E' tenera l'immagine della madre, in preda alla disperazione per il suo rassicurante mondo scomparso, cullata di notte dal suo figlio più piccolo. La tempesta si abbatte sulla famiglia: niente resiste alla furia iconoclasta della donna, un fiume in piena che è ormai impossibile arginare. Perfino la letteratura, con le sue bugie e illusioni, non è risparmiata di fronte alla sua ansia di verità. Ma che vuole Tolstoi che scrive delle cose bellissime sull’amore coniugale e nella vita privata era praticamente un despota? Cosa vogliono i poeti arabi, sempre a sospirare d’amore e passione di cui, nella vita reale, non c’è traccia?

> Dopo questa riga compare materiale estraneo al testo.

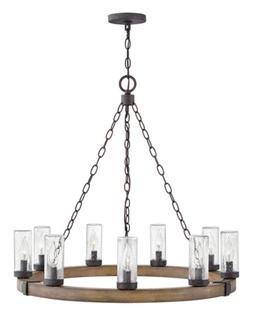 Hinkley 29208SQ Sawyer 9 Light 30 inch Sequoia Outdoor Chandelier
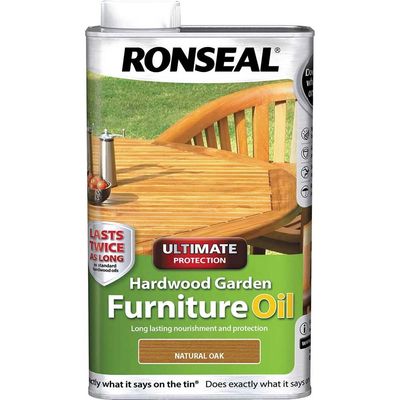 Ronseal 37357 Ultimate Protection Hardwood Garden Furniture Oil Natural Oak 1 Litre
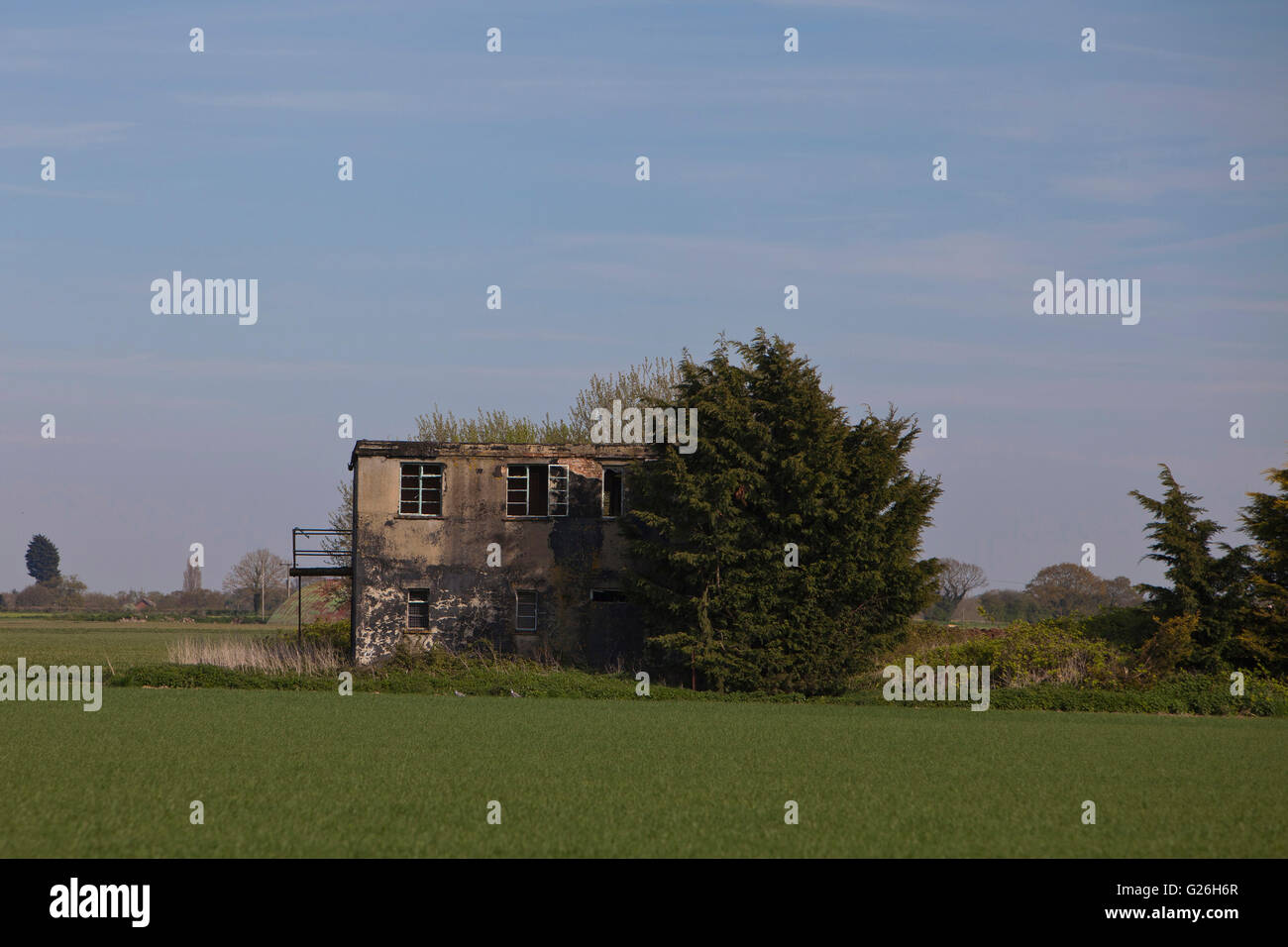 RAF Ludham airfield control tower or watch office, a Fighter Satellite Station from 1941-1945. Stock Photo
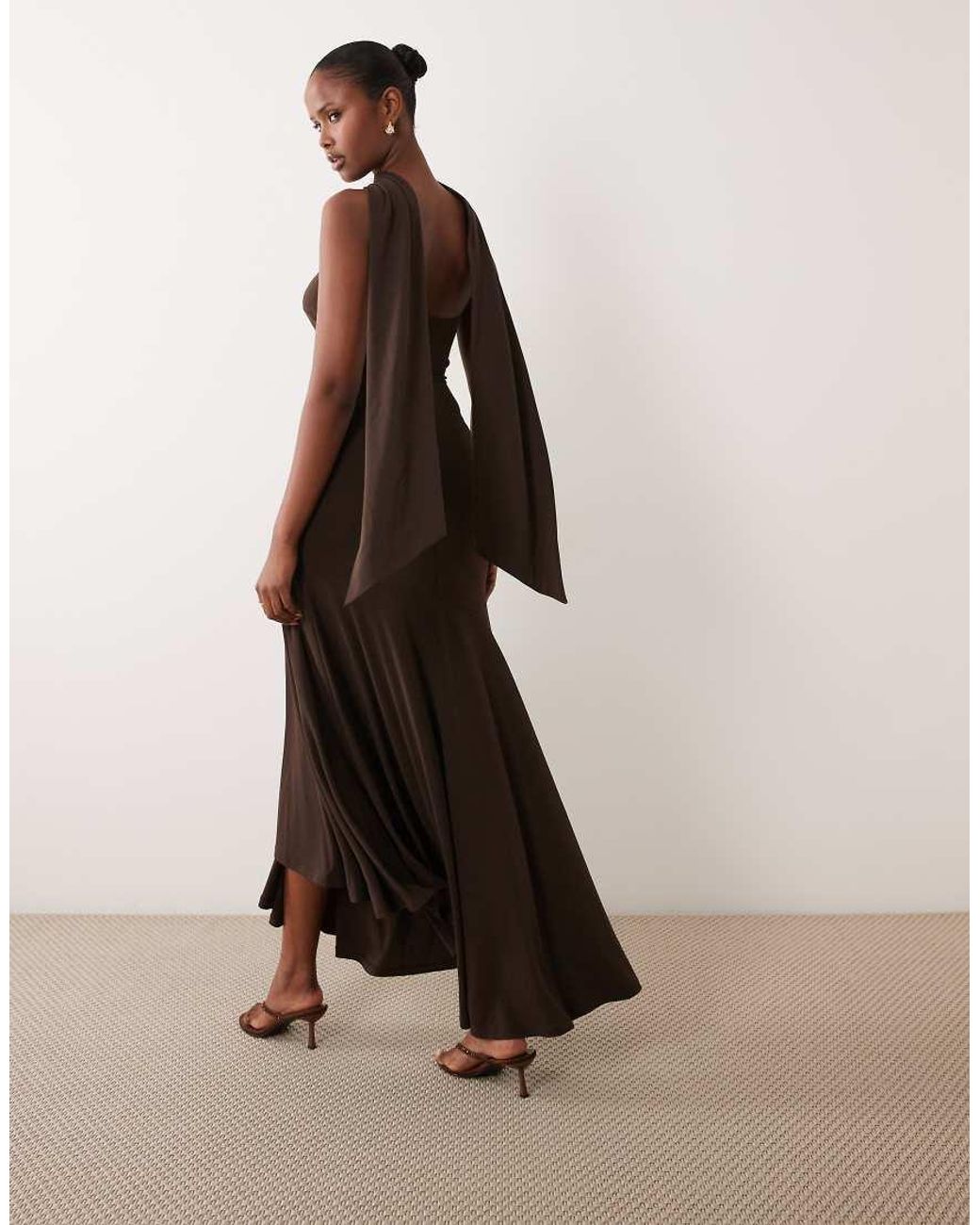 Y.A.S Brown Bandeau Drop Waist Scarf Detail Maxi Dress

Il marito, dapprima è annichilito, poi, come curioso di vedere gli effetti di un esperimento scientifico, l'asseconda. Non può non cominciare a farsi anche lui alcune domande sulla società, sui giovani e sulle donne. Perché gli arabi hanno perso quello splendore e quel primato che li aveva contraddistinti in passato?  ”Alla base di tutte le società c'è la comunità. E il nocciolo della comunità è la famiglia. Se nel seno di questa famiglia la donna è prigioniera, e in più velata, sequestrata, come l'abbiamo tenuta noi per secoli, se lei non ha nessuna apertura al mondo esterno, nessun ruolo attivo, la società nel suo insieme fatalmente ne risente, si rinchiude in se stessa, non ha più niente di nuovo da apportare né a se stessa né al resto del mondo.” Per l'autore è possibile che si profili un uomo ‘nuovo’ anche nella terra delle tradizioni.
Quando il Marocco diventa uno degli scacchieri strategici della seconda guerra mondiale, la donna scende in piazza, non lotta solo per le donne, ma per quei popoli oppressi e colonizzati, intuendo il legame tra le due cose.

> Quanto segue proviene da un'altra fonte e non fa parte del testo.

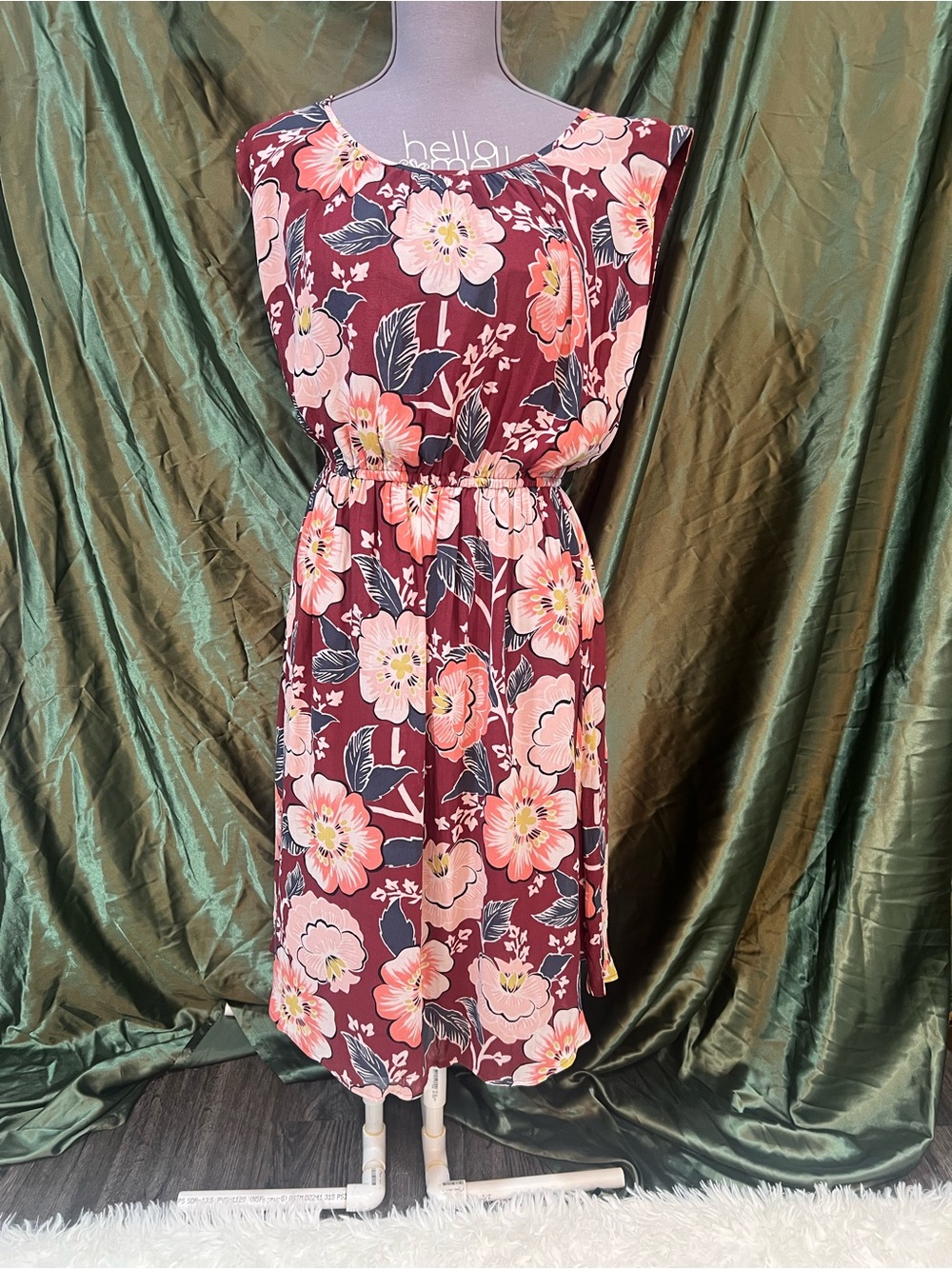 LOFT Maroon Floral Sleeveless Midi Dress with Pink Blossoms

Memorabile la vera e propria scena di teatro che si svolge tra lei e un soldato marocchino, nel tentativo di incontrare De Gaulle,  che il militare storpia in Tougoul, cui deve spiegare cosa si attendono le masse dei colonizzati, alla fine di una guerra totale che ha disumanizzato l’umanità intera.

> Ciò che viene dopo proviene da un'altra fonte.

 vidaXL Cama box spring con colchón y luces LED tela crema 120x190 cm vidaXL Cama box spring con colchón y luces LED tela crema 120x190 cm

Alla fine la donna partirà per la Francia, con il figlio maggiore, per raggiungere l’altro figlio che per primo aveva intuito tutto questo. Sa che la strada è ancora lunga e il mondo, con tutte le sue diversità, l'attende al varco per un confronto difficile, ma possibile.
Questo è il senso del libro: non si può accettare l'occidente solo come fornitore di oggetti che alleviano o abbelliscono la fatica quotidiana. Dietro quegli oggetti ci sono dei principi, delle idee, una cultura con cui non si può fare a meno di entrare in contatto, confrontarsi, discutere, litigare se occorre, criticare fortemente, quando pretende di essere l'ultima e unica verità sulla terra.
Come si vede una variante molto originale e divertente di un tema, l’incontro-scontro con l’occidente, comune a tanti romanzi tra gli anni ’50-70.